That evening at supper Mrs. Grizel made a remark. She leaned back in her chair and looked at Glenfernie. “I never thought you like your mother before! Oh aye! there’s your father, too, and a kind of grand man he was, for all that he saw things dark. But will you look, Mr. Strickland, and see Margaret—”
Much later, from his own room, Strickland, gazing forth, saw light in the keep. Alexander would be sitting there among the books and every ancient memorial. Strickland felt a touch of doubt and apprehension.
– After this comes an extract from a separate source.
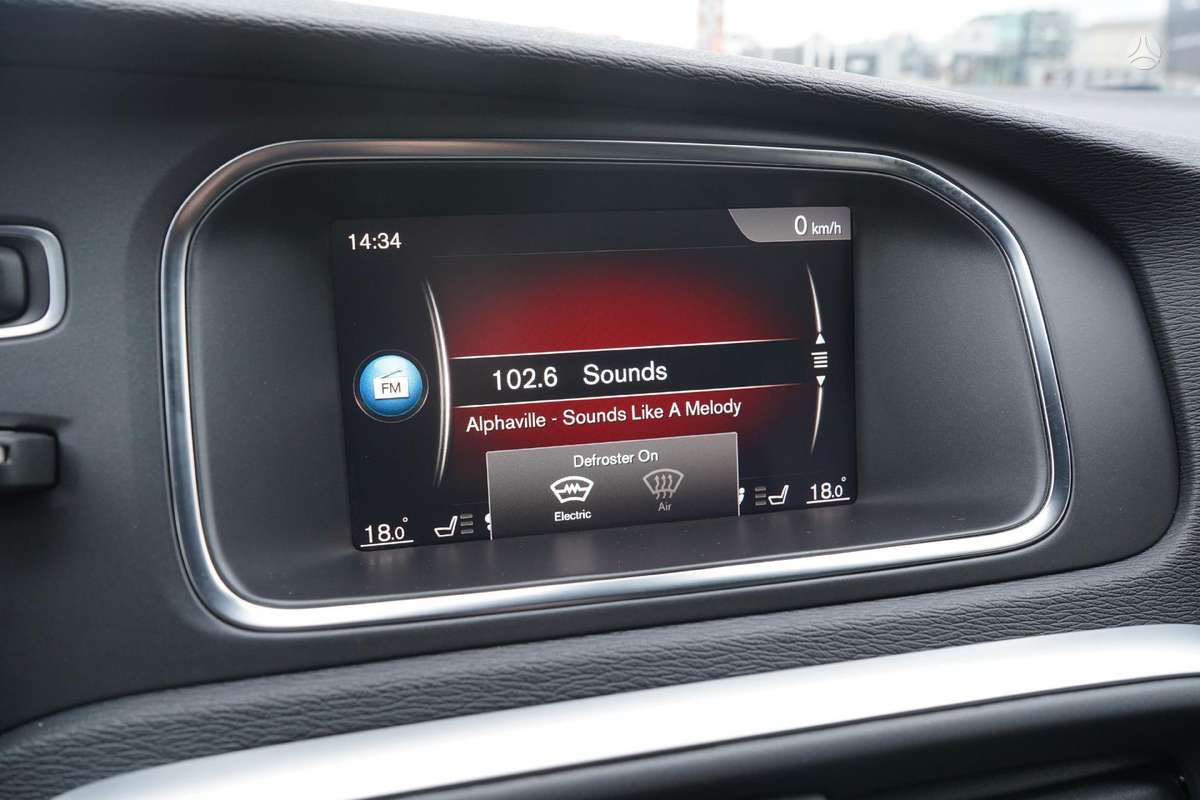 Volvo V40, 2.0 l., hatchback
Suppose that to-morrow should find not this Alexander, at once old and new, but only the Alexander who had ridden from Glenfernie, who had shipped to Lisbon, nearly three years ago? To-day’s deep satisfaction only a dream! Strickland shook off the fear.
“He breathed lasting growth.... O Christ! the help for all in winged men!”
He turned to his bed. Lying awake he went in imagination to the desert, to the Eastern places, that in few words the laird had painted.
And in the morning he found still the old-new Alexander. He saw that the new had always been in the old, the oak in the acorn.... There was a great, sane naturalness in the alteration, in the advance. Strickland caught glimpses of larger orders.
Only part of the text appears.